Bill Bryson torna in America
ripartendo dal paradigma di Tzevan Todorov, che evidenziava la casualità della
scoperta originaria. Come quello di Cristoforo Colombo, anche il suo comeback è
un po’ da rabdomante, come se cercasse qualcosa, senza sapere bene cos’è: l’America
perduta di Bill Bryson, che ha una sua
grazia e tutto un suo sense of humor (l’accezione britannica l’ha guadagnata
sul campo) nel raccontarla, è sopratutto una questione personale perché non
appena è stato capace di pensare che “doveva esserci altro nella vita” oltre a
Des Moines, Iowa, è partito assecondando l’urgenza di trasferirsi in Europa.

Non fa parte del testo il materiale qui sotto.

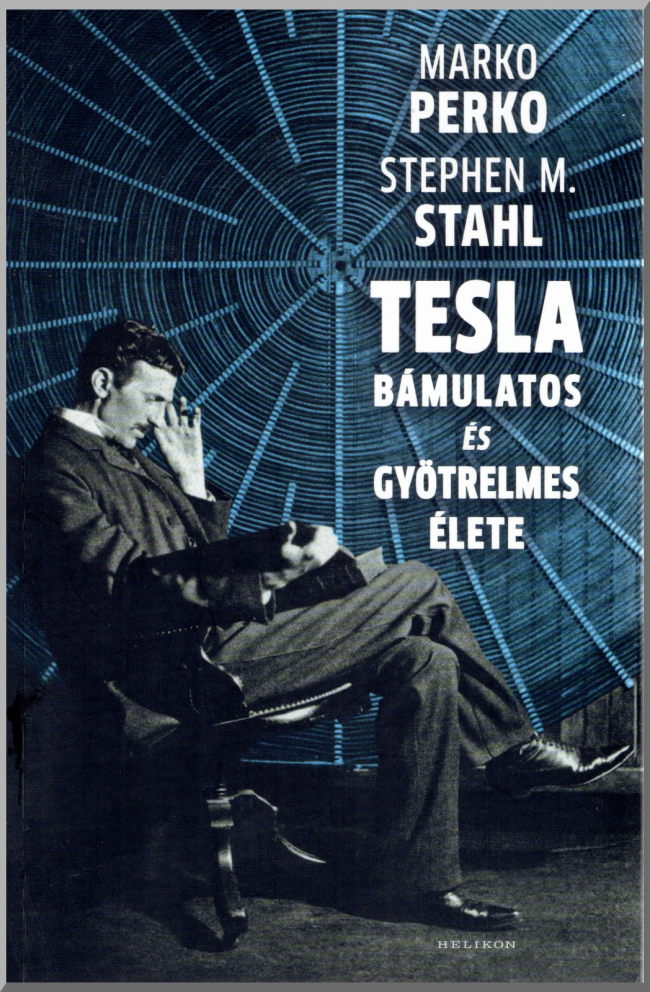 Marko Perko, Stephen M. Stahl: Tesla bámulatos és gyötrelmes élete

Non tanto nella versione standard dell’anno sabbatico alla ricerca delle
proprie radici, quando inseguendo il sogno di “vivere in un appartamento che si
affacciava su un parco nel cuore della metropoli, e vedere dalla mia stanza una
miriade di colline e tetti”. Al suo rientro, una decina d’anni dopo, l’America
che ha lasciato non c’è più e il suo pellegrinaggio on the road è una specie di
risarcimento, a se stesso, in primis. Des Moines è il nodo di un tracciato,
sulla mappa una specie di otto rovesciato, un infinito piuttosto irregolare
attorno alla costa atlantica, che Bill Bryson segue attraversando le periferie
e inanellando una smalltown dopo l’altra, cercando una città ideale e
incrociando un inedito panorama. Pur rimanendo sulla superficie, la parziale
ricognizione ha il pregio di disporre sulla carta molti coriandoli della
cultura e (in particolare) della sottocultura americana: le insegne, le tavole calde, i cartelloni
pubblicitari, i cartelli stradali, i bizzarri nomi delle cittadine “in the
middle of nowhere” e tutti gli ammennicoli ben noti ai turisti per caso. Bill
Bryson non è sfiorato dal tentativo di un’interpretazione più approfondita e il
suo, per quanto lungo e articolato è un viaggio monco, anche da un semplice
punto di vista geografico, perché manca il Texas e New Orleans, una parte non
relativa dell’America, vecchia o nuova che sia. E’ più la cronaca della “sua” America
perduta e in questo Bill Bryson non perde
un colpo uno: la lettura può essere anche molto piacevole, presa così, con una
certa leggerezza e adeguandosi alla nostalgia di un’America destinata a svanire
sullo sfondo. Per comprendere i motivi serve qualcosa in più, perché come
diceva Joan Didion: “Un luogo appartiene per sempre a chi lo reclama con più
forza, lo ricorda più ossessivamente, lo strappa da se stesso, gli dà forma lo
interpreta in modo così radicale da ricrearlo a sua immagine”. E’ solo così che
si può spiegare la discrepanza tra il viaggio di Bill Bryson e l’America
perduta, come una sottile distanza tra una
mappa imprecisa e la geografia reale. Più di tutto, è nell’incongruenza tra
storia, passato e memoria dove l’America si perde e qui Bill Bryson ha visto giusto
quando scrive che, “in generale, anche se generalizzare è cosa sempre
pericolosa, gli americani venerano il passato fintanto che sia fonte di denaro
e non manchi di aria condizionata, di parcheggio gratuito e di altre comodità
essenziali. Conservare il passato per il passato non è un concetto molto
diffuso. Al sentimento viene lasciato poco spazio”. America perduta si riflette proprio in queste parole, a metà strada
tra la malinconia e il sarcasmo, senza arrivare alla meta.